*TASK TO COMPLETE:* In the entries below, which lines run from the one with "Step four is" through the one with "First of all, the"? Repeat exactly those, both included, and no pictures.

[INFORMATION SUPPLIED]

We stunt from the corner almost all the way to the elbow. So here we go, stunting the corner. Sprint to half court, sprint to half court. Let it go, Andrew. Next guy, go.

[/INFORMATION SUPPLIED]
[INFORMATION SUPPLIED]

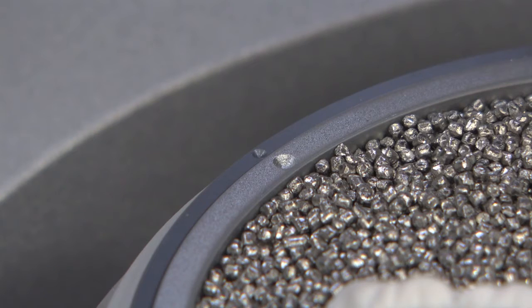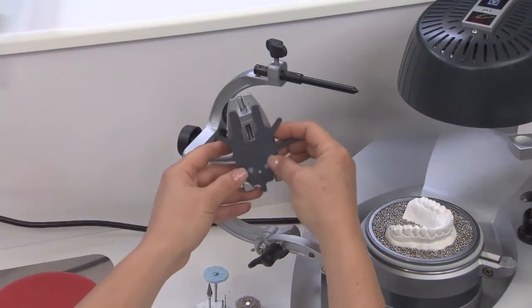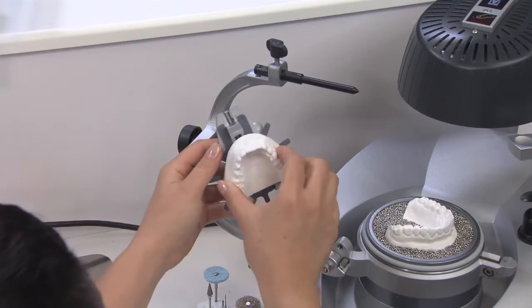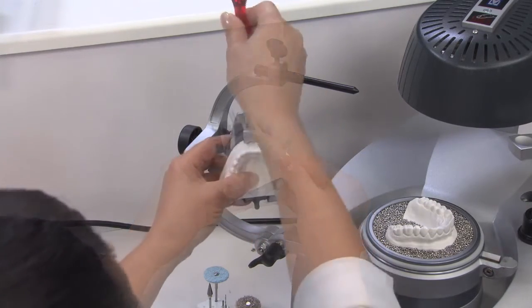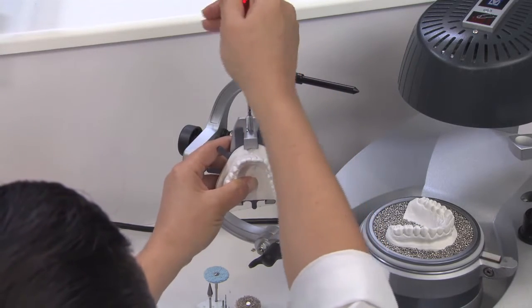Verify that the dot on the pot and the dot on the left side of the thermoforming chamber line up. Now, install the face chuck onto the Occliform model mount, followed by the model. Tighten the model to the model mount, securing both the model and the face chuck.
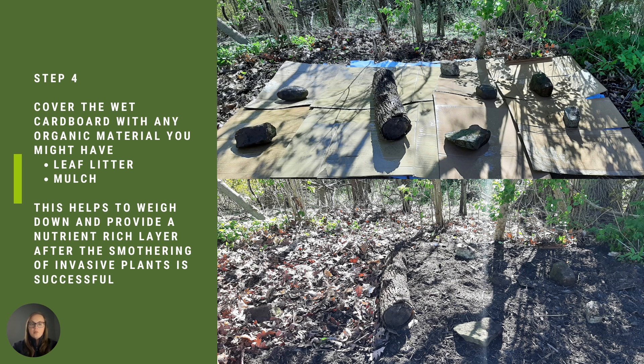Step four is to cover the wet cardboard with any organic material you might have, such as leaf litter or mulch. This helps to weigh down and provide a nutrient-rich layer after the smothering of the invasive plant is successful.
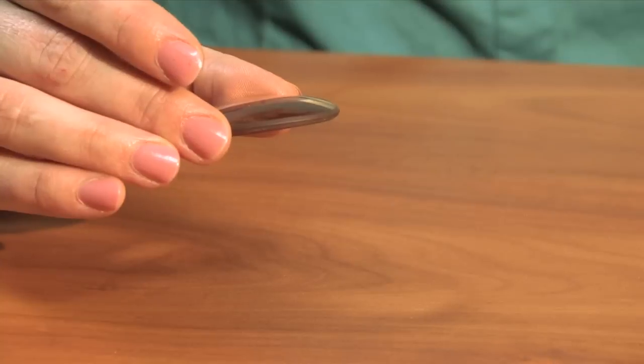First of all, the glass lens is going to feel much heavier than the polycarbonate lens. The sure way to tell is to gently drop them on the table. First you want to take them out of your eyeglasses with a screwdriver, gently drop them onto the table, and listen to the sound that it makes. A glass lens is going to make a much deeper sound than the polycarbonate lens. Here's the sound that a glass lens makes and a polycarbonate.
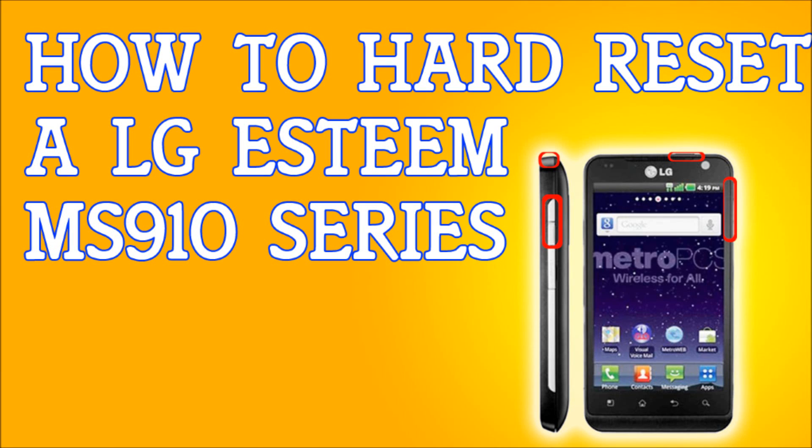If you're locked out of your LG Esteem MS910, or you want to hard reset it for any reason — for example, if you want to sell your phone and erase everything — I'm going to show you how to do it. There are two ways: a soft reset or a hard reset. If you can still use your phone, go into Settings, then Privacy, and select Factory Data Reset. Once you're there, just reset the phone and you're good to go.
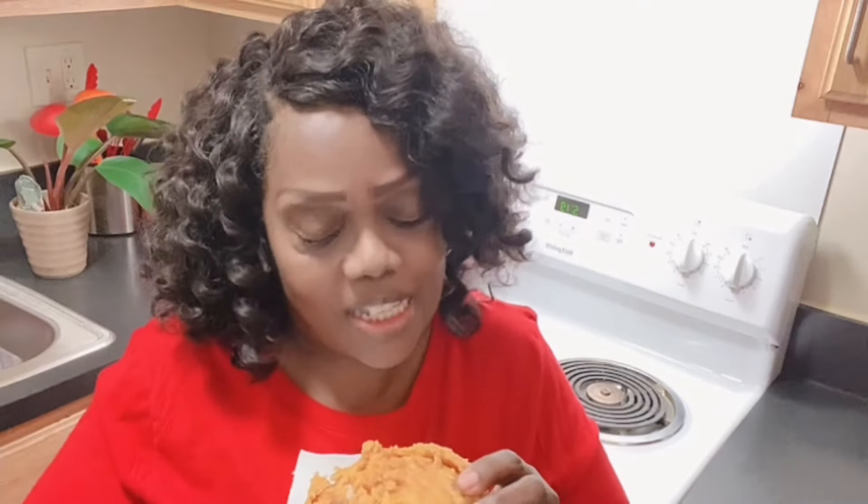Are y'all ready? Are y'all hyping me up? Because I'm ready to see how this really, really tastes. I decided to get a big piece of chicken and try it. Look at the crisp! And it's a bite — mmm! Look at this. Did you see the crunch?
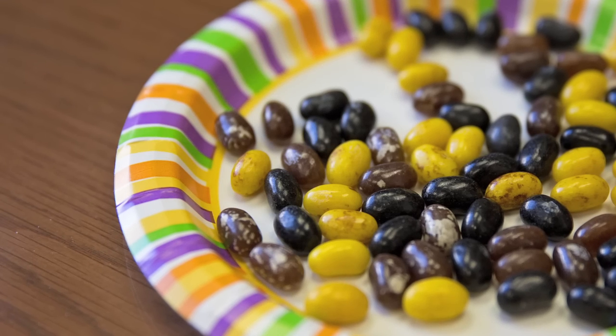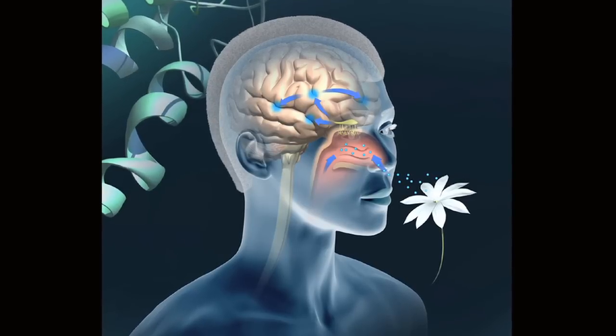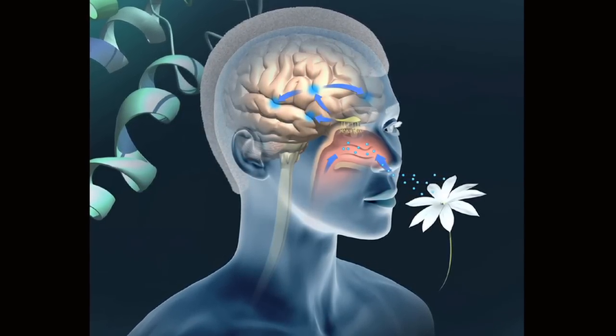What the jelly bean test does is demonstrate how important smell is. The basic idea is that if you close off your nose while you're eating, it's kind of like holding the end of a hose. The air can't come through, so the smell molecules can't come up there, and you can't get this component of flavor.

[/INFORMATION SUPPLIED]

*RESPONSE BELOW:*
Step four is to cover the wet cardboard with any organic material you might have, such as leaf litter or mulch. This helps to weigh down and provide a nutrient-rich layer after the smothering of the invasive plant is successful.
First of all, the glass lens is going to feel much heavier than the polycarbonate lens. The sure way to tell is to gently drop them on the table. First you want to take them out of your eyeglasses with a screwdriver, gently drop them onto the table, and listen to the sound that it makes. A glass lens is going to make a much deeper sound than the polycarbonate lens. Here's the sound that a glass lens makes and a polycarbonate.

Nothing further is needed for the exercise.